Six Ways to Help Farmers, Foresters, and Ranchers Combat Climate Change

We were proud to support a broad coalition effort to identify priority policies for improving private land habitat and capture more carbon

The TRCP has long been a vocal advocate for farmers, foresters, and ranchers who are strong partners in conservation. This commitment is most recently shown through our membership in the Bipartisan Policy Council Farm and Forest Carbon Solutions Task Force, a group of organizations working together to develop policy proposals that enhance climate-smart agriculture and forestry practices. We’re proud to support the resulting recommendations that recognize and incentivize actions by private landowners to invest in the productivity of their land, while delivering better wildlife habitat, more hunting and fishing access, greater resilience to the effects of climate change, and increased carbon stored in soils, forests, and wood products.

The task force recommendations cover a range of actions across six broad policy objectives. Here are some of the highlights.

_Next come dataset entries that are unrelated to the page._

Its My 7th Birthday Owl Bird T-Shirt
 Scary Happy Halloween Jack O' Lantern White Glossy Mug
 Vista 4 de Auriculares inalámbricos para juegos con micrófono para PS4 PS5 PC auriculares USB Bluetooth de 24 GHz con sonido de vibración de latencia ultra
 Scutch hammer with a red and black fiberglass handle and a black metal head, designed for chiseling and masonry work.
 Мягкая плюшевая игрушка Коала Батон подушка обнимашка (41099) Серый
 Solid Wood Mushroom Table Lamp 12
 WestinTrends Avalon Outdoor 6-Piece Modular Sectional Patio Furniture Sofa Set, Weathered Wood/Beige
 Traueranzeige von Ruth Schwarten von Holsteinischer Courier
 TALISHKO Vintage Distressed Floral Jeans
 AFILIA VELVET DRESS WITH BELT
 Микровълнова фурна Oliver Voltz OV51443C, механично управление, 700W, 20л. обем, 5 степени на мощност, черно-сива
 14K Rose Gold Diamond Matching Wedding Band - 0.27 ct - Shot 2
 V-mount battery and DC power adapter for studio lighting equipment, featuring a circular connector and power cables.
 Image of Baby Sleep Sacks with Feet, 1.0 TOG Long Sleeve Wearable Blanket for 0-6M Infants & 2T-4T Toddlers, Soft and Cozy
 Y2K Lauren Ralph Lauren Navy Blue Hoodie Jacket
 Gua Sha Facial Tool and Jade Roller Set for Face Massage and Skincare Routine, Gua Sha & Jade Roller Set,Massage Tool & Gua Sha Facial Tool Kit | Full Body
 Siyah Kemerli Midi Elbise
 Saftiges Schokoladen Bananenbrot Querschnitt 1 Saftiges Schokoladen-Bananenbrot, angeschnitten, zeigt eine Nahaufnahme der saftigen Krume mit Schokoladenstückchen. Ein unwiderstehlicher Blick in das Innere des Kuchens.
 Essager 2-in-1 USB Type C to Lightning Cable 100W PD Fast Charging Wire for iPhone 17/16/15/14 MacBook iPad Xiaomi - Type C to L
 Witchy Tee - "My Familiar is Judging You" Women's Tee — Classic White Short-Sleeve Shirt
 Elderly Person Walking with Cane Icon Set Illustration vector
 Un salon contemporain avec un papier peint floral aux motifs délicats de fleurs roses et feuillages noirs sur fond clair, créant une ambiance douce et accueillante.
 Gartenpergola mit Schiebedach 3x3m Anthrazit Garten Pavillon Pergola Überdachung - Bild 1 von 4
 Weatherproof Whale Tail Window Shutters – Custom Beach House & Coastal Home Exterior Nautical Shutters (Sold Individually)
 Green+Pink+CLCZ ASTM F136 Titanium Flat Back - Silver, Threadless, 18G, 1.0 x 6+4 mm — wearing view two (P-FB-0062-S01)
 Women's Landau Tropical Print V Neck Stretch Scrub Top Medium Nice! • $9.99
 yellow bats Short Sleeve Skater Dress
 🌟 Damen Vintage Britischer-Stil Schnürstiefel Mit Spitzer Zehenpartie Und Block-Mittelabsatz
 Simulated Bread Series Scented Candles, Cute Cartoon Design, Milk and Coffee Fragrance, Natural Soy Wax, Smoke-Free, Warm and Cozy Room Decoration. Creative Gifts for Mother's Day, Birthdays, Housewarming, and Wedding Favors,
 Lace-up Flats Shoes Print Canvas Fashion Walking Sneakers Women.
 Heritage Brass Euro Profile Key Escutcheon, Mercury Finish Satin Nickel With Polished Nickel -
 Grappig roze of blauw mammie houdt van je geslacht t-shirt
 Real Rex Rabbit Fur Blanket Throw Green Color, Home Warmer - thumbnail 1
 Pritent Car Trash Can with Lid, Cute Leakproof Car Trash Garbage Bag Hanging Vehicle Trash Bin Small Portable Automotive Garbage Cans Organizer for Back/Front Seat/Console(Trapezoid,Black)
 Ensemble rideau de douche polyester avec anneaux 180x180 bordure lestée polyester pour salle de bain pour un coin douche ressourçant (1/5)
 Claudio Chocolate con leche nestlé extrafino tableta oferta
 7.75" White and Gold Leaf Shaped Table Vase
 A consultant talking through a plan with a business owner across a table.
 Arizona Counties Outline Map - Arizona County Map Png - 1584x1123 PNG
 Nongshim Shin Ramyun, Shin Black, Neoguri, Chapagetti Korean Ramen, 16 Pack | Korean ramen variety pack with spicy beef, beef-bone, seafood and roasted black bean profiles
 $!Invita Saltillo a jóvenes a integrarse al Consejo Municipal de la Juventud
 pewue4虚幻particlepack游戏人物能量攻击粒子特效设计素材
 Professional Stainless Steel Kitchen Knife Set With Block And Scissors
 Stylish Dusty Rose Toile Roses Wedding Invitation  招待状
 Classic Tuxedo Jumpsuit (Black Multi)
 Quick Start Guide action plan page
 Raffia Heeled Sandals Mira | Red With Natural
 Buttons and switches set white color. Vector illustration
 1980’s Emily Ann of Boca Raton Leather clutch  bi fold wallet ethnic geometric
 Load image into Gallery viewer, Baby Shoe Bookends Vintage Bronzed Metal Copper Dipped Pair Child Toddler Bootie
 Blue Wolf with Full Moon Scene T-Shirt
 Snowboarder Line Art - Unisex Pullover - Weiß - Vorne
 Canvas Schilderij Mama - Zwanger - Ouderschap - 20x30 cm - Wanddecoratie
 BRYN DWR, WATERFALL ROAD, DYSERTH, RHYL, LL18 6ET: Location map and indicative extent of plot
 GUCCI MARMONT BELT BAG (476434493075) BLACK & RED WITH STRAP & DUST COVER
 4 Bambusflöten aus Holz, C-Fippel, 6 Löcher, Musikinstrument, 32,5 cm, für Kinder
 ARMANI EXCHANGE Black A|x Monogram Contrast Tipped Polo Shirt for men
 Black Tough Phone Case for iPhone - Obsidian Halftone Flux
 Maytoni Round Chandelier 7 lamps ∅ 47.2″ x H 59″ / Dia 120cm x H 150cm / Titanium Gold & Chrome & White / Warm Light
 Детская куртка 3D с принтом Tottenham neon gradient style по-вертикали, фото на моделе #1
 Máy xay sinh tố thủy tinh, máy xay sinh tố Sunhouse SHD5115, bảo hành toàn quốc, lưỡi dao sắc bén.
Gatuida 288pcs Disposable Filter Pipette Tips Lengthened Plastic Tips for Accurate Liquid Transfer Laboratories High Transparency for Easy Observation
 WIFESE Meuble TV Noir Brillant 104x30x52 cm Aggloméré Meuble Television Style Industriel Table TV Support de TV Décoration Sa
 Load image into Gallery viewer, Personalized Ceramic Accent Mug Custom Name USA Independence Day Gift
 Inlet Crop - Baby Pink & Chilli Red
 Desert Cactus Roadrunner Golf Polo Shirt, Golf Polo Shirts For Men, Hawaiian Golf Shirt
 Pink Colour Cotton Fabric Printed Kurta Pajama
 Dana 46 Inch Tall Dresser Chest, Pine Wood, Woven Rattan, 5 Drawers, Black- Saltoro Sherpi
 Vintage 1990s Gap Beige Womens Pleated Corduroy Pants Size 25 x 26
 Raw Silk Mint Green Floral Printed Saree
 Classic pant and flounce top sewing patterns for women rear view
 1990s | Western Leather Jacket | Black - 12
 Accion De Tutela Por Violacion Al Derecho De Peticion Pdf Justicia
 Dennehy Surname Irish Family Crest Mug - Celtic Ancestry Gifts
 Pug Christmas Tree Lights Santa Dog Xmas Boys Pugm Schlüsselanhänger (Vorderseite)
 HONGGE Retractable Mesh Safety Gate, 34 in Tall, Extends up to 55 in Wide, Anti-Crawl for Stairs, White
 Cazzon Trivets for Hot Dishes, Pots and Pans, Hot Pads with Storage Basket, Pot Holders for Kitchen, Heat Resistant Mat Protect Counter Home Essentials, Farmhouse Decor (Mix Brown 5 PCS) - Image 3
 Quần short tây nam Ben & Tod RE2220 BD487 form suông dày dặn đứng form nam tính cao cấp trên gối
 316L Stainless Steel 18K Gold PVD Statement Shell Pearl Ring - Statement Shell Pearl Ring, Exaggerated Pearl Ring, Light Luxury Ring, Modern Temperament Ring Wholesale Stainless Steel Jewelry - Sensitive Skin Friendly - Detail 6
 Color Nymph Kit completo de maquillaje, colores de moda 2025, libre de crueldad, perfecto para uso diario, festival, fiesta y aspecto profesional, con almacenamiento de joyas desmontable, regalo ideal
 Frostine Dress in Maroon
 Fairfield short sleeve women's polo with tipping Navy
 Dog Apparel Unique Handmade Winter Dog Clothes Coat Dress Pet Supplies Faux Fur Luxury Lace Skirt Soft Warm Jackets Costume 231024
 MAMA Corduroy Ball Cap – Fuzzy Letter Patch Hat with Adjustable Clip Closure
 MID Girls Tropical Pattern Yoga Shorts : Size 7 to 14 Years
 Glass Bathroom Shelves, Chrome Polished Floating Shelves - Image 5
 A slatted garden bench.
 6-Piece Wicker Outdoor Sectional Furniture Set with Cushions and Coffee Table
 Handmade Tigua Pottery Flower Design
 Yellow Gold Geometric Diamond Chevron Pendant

Start With What’s Already Working

The task force recommended expanding existing Farm Bill programs that already deliver climate benefits and offer pathways to new market opportunities for farmers, ranchers, and forest landowners. To do this, Congress should double funding for USDA conservation programs. Conservation practices have been proven to improve habitat while also storing and sequestering more carbon. The TRCP supports boosting funding to deliver increased carbon sequestration and soil health, rather than borrowing from existing funding that supports much-needed wildlife and water quality. Learn more about Farm Bill conservation programs and take action in support of doubling investments in private land habitat.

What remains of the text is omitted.